(Beginning of Task inputs)

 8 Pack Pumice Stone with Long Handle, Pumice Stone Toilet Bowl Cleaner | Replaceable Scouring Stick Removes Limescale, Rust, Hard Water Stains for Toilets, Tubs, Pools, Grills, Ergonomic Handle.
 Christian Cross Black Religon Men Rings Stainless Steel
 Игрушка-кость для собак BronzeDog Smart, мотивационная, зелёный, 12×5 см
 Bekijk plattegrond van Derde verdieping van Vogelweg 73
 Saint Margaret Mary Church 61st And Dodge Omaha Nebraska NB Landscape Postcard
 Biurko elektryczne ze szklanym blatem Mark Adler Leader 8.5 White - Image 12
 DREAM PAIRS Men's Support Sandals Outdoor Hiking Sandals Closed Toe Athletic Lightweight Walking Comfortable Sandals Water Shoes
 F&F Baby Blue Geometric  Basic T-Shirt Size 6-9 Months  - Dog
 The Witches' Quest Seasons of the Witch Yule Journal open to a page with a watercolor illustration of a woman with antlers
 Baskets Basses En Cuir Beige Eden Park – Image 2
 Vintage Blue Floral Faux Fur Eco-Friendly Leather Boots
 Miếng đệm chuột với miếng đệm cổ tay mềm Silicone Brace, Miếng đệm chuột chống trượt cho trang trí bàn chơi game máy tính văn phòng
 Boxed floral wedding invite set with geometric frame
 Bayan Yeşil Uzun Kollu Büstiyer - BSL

(End of Task inputs)

→ Task requirements
The records above need copying. Do it exactly.

→ Answer area
 8 Pack Pumice Stone with Long Handle, Pumice Stone Toilet Bowl Cleaner | Replaceable Scouring Stick Removes Limescale, Rust, Hard Water Stains for Toilets, Tubs, Pools, Grills, Ergonomic Handle.
 Christian Cross Black Religon Men Rings Stainless Steel
 Игрушка-кость для собак BronzeDog Smart, мотивационная, зелёный, 12×5 см
 Bekijk plattegrond van Derde verdieping van Vogelweg 73
 Saint Margaret Mary Church 61st And Dodge Omaha Nebraska NB Landscape Postcard
 Biurko elektryczne ze szklanym blatem Mark Adler Leader 8.5 White - Image 12
 DREAM PAIRS Men's Support Sandals Outdoor Hiking Sandals Closed Toe Athletic Lightweight Walking Comfortable Sandals Water Shoes
 F&F Baby Blue Geometric  Basic T-Shirt Size 6-9 Months  - Dog
 The Witches' Quest Seasons of the Witch Yule Journal open to a page with a watercolor illustration of a woman with antlers
 Baskets Basses En Cuir Beige Eden Park – Image 2
 Vintage Blue Floral Faux Fur Eco-Friendly Leather Boots
 Miếng đệm chuột với miếng đệm cổ tay mềm Silicone Brace, Miếng đệm chuột chống trượt cho trang trí bàn chơi game máy tính văn phòng
 Boxed floral wedding invite set with geometric frame
 Bayan Yeşil Uzun Kollu Büstiyer - BSL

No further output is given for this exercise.